Currently, the XML output format of SemRep is supported which can be produced as follows:

[SemRep base folder]/bin/semrep.v1.8 -X -L 2018 -Z 2018AA input.txt output.xml

Predicates produced by SemRep are documented in the Appendix of https://bmcbioinformatics.biomedcentral.com/articles/10.1186/1471-2105-12-486#Sec26.

SemRep API (indra.sources.semrep.api)

indra.sources.semrep.api.process_xml_file(fname, use_gilda_grounding=False, predicate_mappings=None)[source]

Process a SemRep output XML file and extract INDRA Statements.

Parameters
  • fname (str) – The name of the SemRep output XML file.

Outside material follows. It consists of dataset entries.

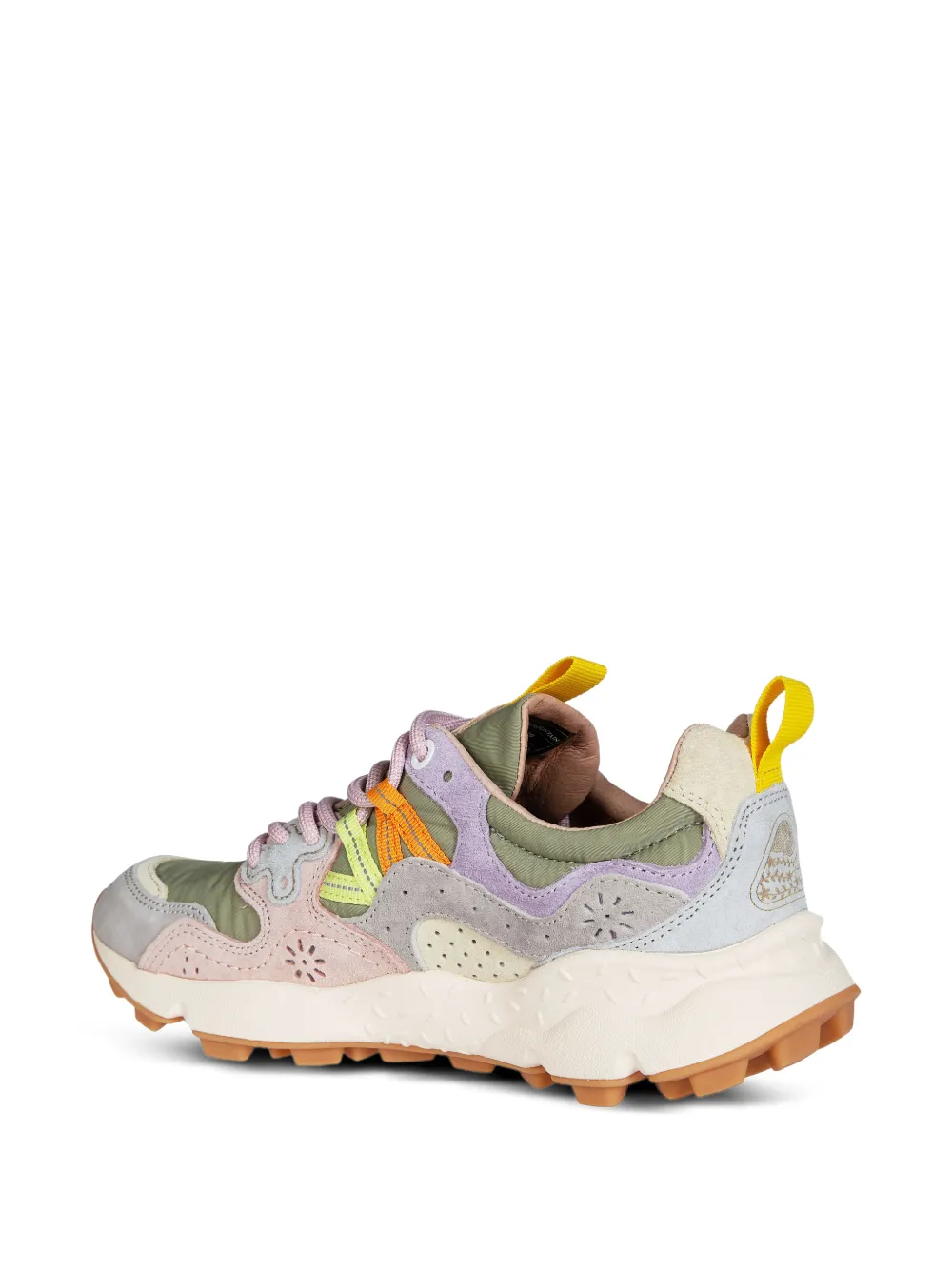 FLOWER MOUNTAIN Yamano 3 panelled sneakers Roze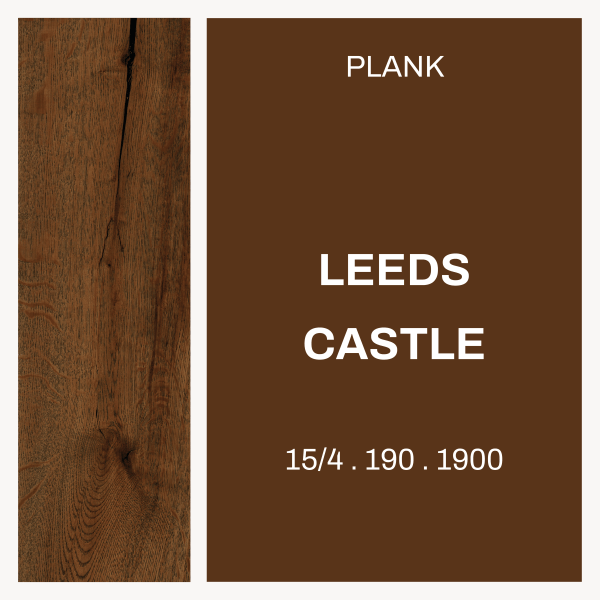 Leeds Castle Light Brown – Plank 15/4 x 190 × 1900 Rustic grade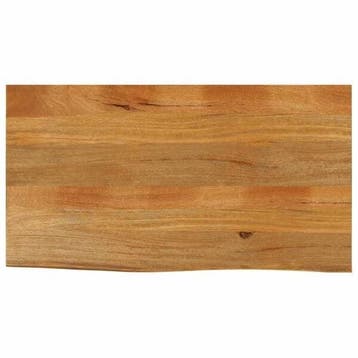 Boomstam Tafelblad 120x60 | Natuurlijke Rand | Laatste Stuk, 100 tot 150 cm, Rustiek, Zo goed als nieuw, Tafelblad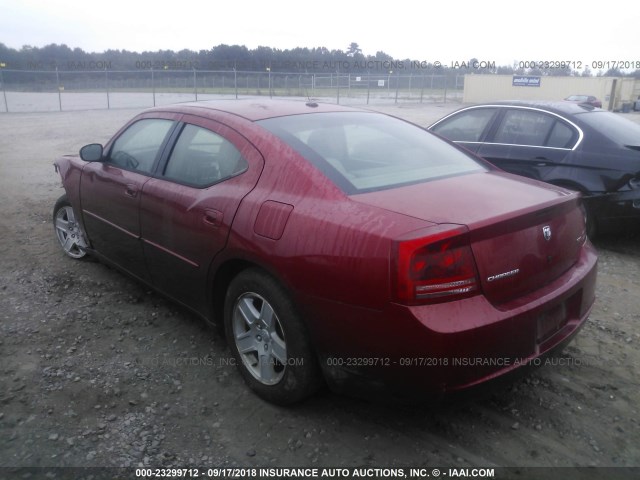 2B3KA43GX7H891380 - 2007 DODGE CHARGER SE/SXT MAROON photo 3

  • use_gilda_grounding (Optional[bool]) – If True, Gilda is used to re-ground entities and assing identifiers. Default: False

  • predicate_mappings (Optional[dict]) – Allows providing a custom mapping of SemRep predicates to INDRA Statement types. If not provided, default ones are used.

Returns

An instance of a SemRepXmlProcessor that carries extracted INDRA Statements in its statements attribute.

Return type

SemRepXmlProcessor

SemRep Processor (indra.sources.semrep.processor)

class indra.sources.semrep.processor.SemRepXmlProcessor(tree, use_gilda_grounding=False, predicate_mappings=None)[source]

Processor for XML output from SemRep.

extract_predication(predication, utterance)[source]

Extract a Statement from a single predication.

get_agent_from_entity(entity)[source]

Return an Agent from an entity.

process_statements()[source]

Extract all Statements from an XML tree.